Os resultados mostram que níveis mais elevados de poluição aumentam a carga mutacional, especialmente aqueles que promovem o crescimento tumoral. Pacientes de áreas mais poluídas apresentam quase quatro vezes mais assinaturas mutacionais relacionadas ao tabaco e 76% mais de outra assinatura relacionada ao envelhecimento celular prematuro associado ao encurtamento dos telômeros , os escudos que protegem os cromossomos que agrupam o genoma.
"Uma assinatura mutacional é a marca que um processo específico deixa em nosso genoma", resume Pilar Gallego, bióloga do Centro Nacional de Pesquisa do Câncer ( CNIO ) da Espanha e coautora do estudo. Cada paciente pode apresentar várias dessas assinaturas, explica a cientista. Em alguns casos, as assinaturas são muito semelhantes entre fumantes e não fumantes e, em outros, são específicas dos primeiros, incluindo uma que ainda não havia sido descoberta e cujas causas não são claras, acrescenta.

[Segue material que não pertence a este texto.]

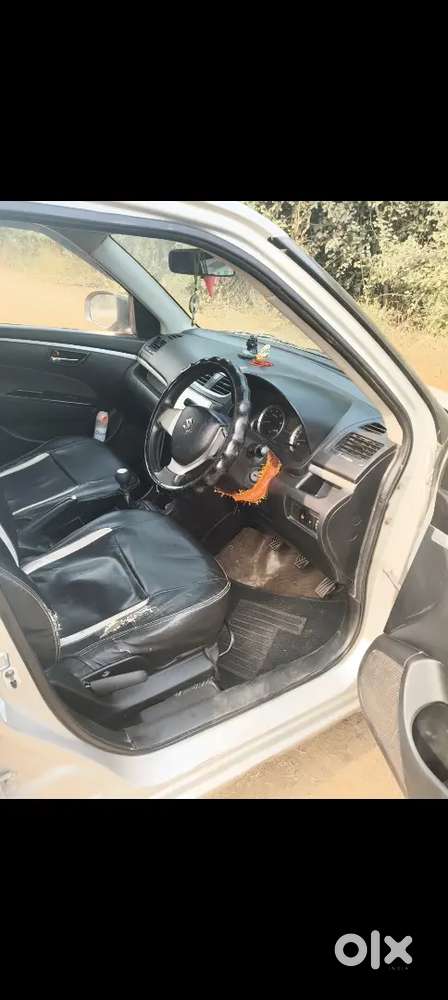 Maruti Suzuki Swift 2016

“Graças a este estudo, estamos mais perto de demonstrar que a poluição causa câncer de pulmão, porque pela primeira vez estamos passando de dados epidemiológicos para examinar o efeito dos poluentes no genoma”, explica o bioinformata do CNIO Marcos Díaz-Gay, primeiro autor do artigo. O estudo foi coordenado pelo Centro Nacional de Câncer dos Estados Unidos e também envolveu grupos de pesquisa do Canadá, China, Turquia e Reino Unido, incluindo o grupo de Charles Swanton , responsável pelo trabalho que revelou o primeiro estudo explorando como a poluição causa câncer em 2023. O artigo também é coautor de Ludmil Alexandrov , bioinformata da Universidade da Califórnia, San Diego, que cunhou o conceito de assinatura mutacional e foi professor de Díaz-Gay antes de vir para a Espanha para liderar seu próprio grupo no CNIO.
A equipe espanhola é especializada no uso de inteligência artificial para escanear o genoma em busca de possíveis fatores que expliquem certas doenças. Este ano, a equipe encontrou uma conexão entre uma toxina bacteriana em crianças e o crescimento do câncer de cólon em pessoas cada vez mais jovens .

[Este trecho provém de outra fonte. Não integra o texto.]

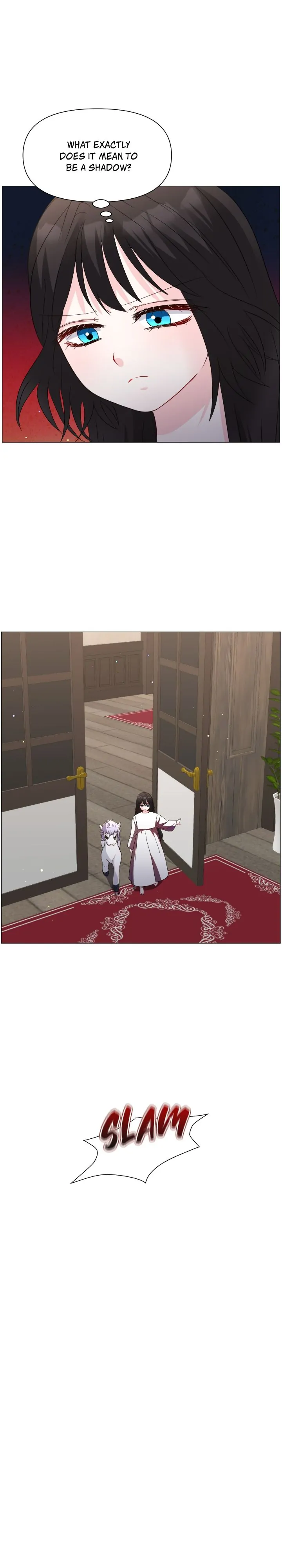 How to Clear a Dating Sim as a Side Character chapter 138 page 2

Neste novo estudo, a equipe revelou outro possível fator de risco para câncer de pulmão em não fumantes: o consumo de ácido aristolóquico . Este composto está presente em ervas amplamente utilizadas na medicina tradicional chinesa. Até agora, ele havia sido associado a tumores de bexiga, intestino, estômago, rins e fígado. O estudo revela uma assinatura genética associada a este composto, que está altamente presente em pacientes não fumantes com câncer de pulmão em Taiwan.
A equipe agora quer explorar suas descobertas sobre câncer de pulmão e outros fatores, como uso de maconha, cigarros eletrônicos e exposição ao radônio, um gás associado ao granito que também aumenta o risco de câncer de pulmão.

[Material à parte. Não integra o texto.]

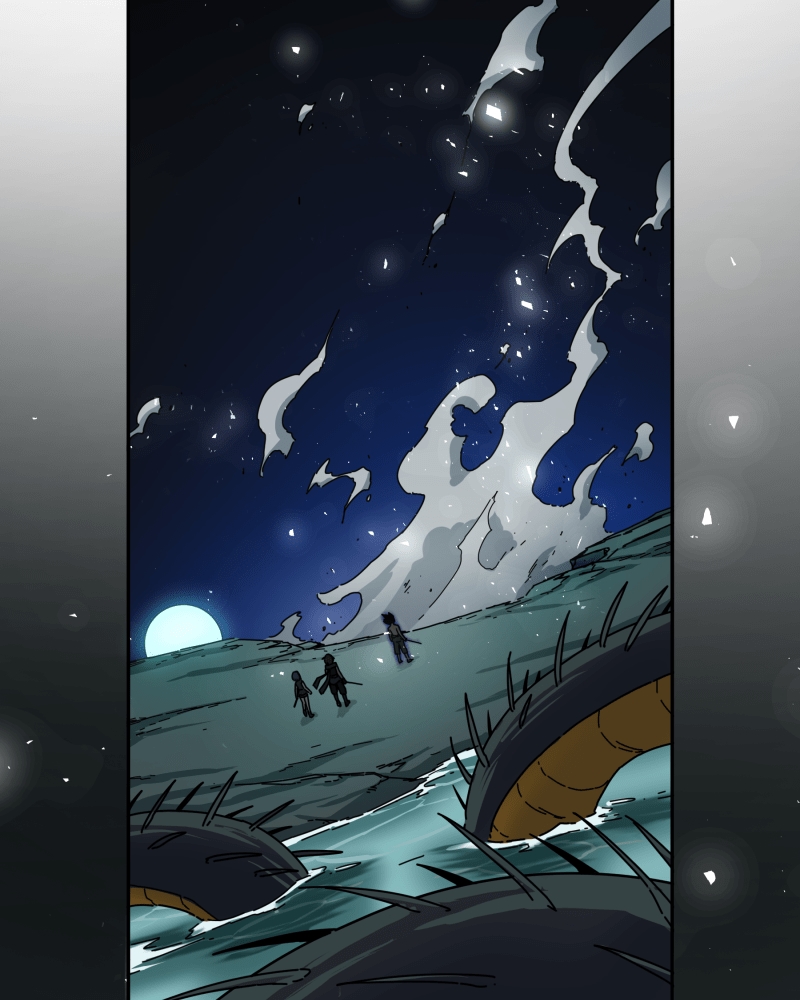 Read Black Sun Manga Online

"Este é um estudo sem precedentes sobre câncer de pulmão em não fumantes", enfatiza Rosario García-Campelo, membro do conselho da Sociedade Espanhola de Oncologia Médica. "É o maior e mais diverso grupo de pacientes cujos dados genômicos já foram analisados. Embora o estudo não possa concluir que a poluição causa esses tumores, ele abre muitas hipóteses de trabalho em uma área de crescente preocupação ", acrescenta.